Contrary to what many think successful business leaders often stand out for their humility, Mr. Holland observed. They engage people and nurture relationships without requiring anything in return. When such sincerity is reciprocated the entire company benefits.

Strong leaders also stand out for their desire to keep learning, Mr. Holland said. Every year Anthemis brings portfolio companies, investors and advisory clients together for a retreat. They discuss business issues and challenges and are eager to new perspectives.

“One thing that strikes me is pretty much to a person every single one has a level of breadth, curiosity, intellect and worldliness,” Mr.
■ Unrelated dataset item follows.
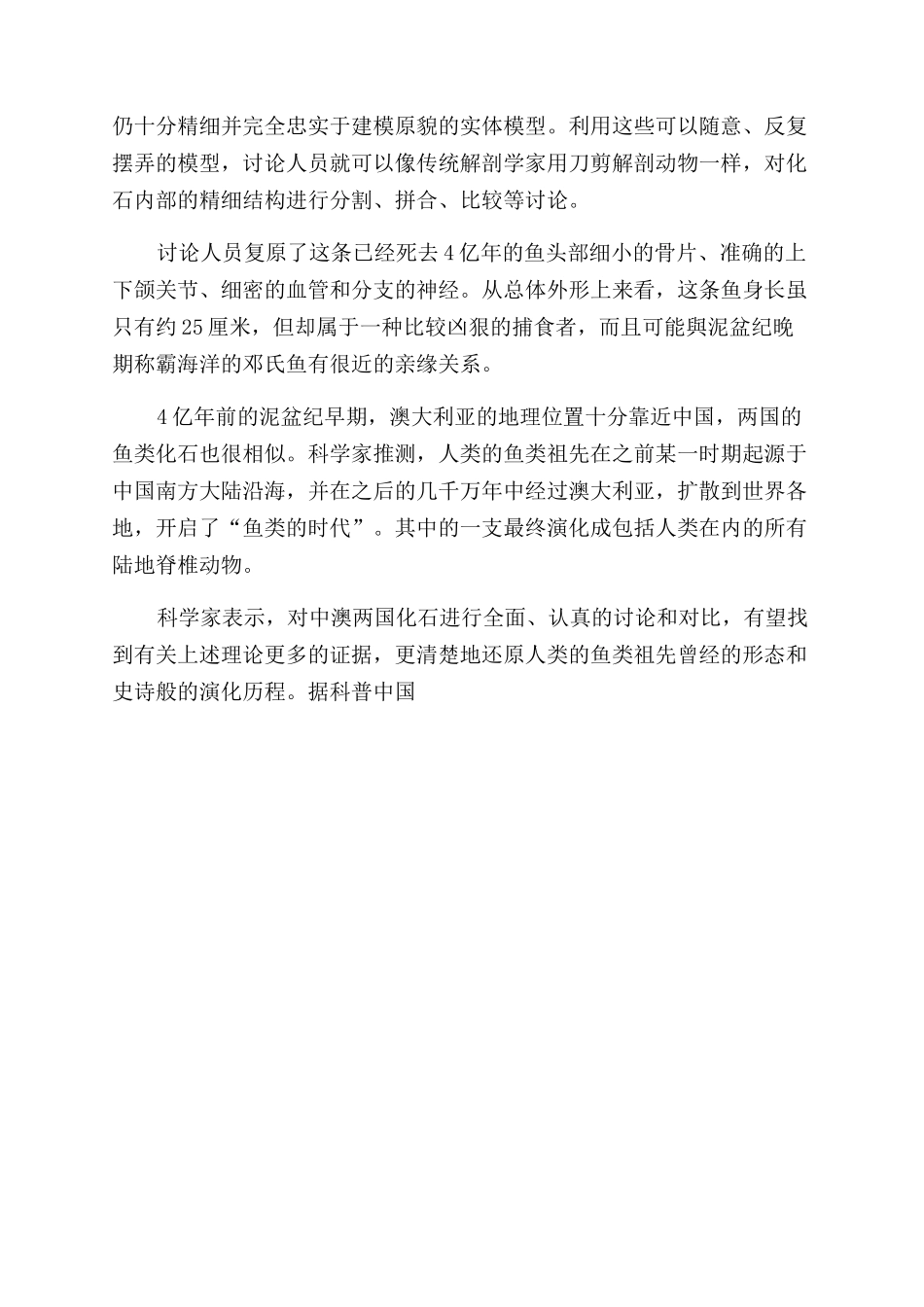 3D打印揭秘史前古鱼_第2页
Holland observed. “That you do not see in as much volume in the traditional corporate space.

“That level of brilliance and desire to do good we see play out in their interconnectivity, their desire to help and to use themselves for the broader purpose instead of simply doing their job and building their company.”
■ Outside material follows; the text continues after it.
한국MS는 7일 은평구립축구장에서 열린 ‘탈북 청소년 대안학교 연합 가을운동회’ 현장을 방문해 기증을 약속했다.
There are many people dreaming of contributing on such a level only possible with fin-techs, but they are stuck in the big financial institutions due to regulatory mandated compensation structures that can penalize them in the millions of dollars for leaving early.
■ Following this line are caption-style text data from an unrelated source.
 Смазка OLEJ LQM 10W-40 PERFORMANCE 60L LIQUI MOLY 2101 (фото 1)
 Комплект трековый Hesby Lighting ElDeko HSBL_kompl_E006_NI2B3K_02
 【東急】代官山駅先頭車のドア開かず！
“How do you unlock the talent that is sitting in the big financial institutions?” Mr. Holland asked. “Partly it’s about creating a story, creating a vision why they should come and I think the industry’s done a good job of that.

“We talk to regulators and say there is a vast number of people sitting in large institutions that have zero interest in being there. We tell them the regulation around compensation has unintended consequences, one being it’s harder for amazing talent to leave financial institutions.

One financial sector seemingly late to the fin-tech innovation party has been insurance, but it is catching up with a vengeance, Mr. Holland said. By definition insurance companies think long-term, whether it be a one-year travel plan or decades-long mortgage or life policy.

“It’s a very thoughtful portfolio of activities, venture design that needs to be delivered over a period of years not months,” Mr. Holland explained. “While it’s reactively late we think they’re executing on it much more thoughtfully.”

The EU’s PSD2 directive, where an institution’s individual and corporate customers can use third parties to manage their finances, provides a strong opportunity for insure-techs to innovate, Mr. Holland said. They have great customer data sets and, now armed with the potential access to customer accounts can build a set of interactions bringing value to the relationship.

“They can develop alternative business lines at places in the value chain they had not been able to access before,” Mr. Holland said.

Insurers are also wise to take a global perspective and adapt approaches from different cultures.

“Innovation is not necessarily doing something that’s never been done before,” Mr.Holland said. “It can be taking an old idea and modernizing it by adapting technology.”

China has woken up in its approach to fin-tech innovation over the past two years, Mr. Holland said. They are doing well in the payments space and their P2P sector is huge, though admittedly accompanied by regulatory issues.

Most other areas are a green field. Chinese investors are deploying capital in EU and US companies with the goal of learning and building it out across Asia.

Mr. Holland said society at large has adapted to a digital world and executives have now fully embraced it too. The remaining challenge is at the board level. Anthemis Group conducts regular relationship outreach with board members and it is clear the success or failure of many companies as they adapt to the digital revolution lies in their board’s approach.

“These organizations need to see business and culture in a meaningful way and not every board of every company is equipped to do that,” Mr. Holland said. Most boards may have that one digitally-minded person while others may have a subcommittee of the advisory board. Few realize they must become more nimble and technology-driven.

“They need more than the token digital person,” Mr. Holland said, “In our mind that has to change. Those boards need to be modernized.”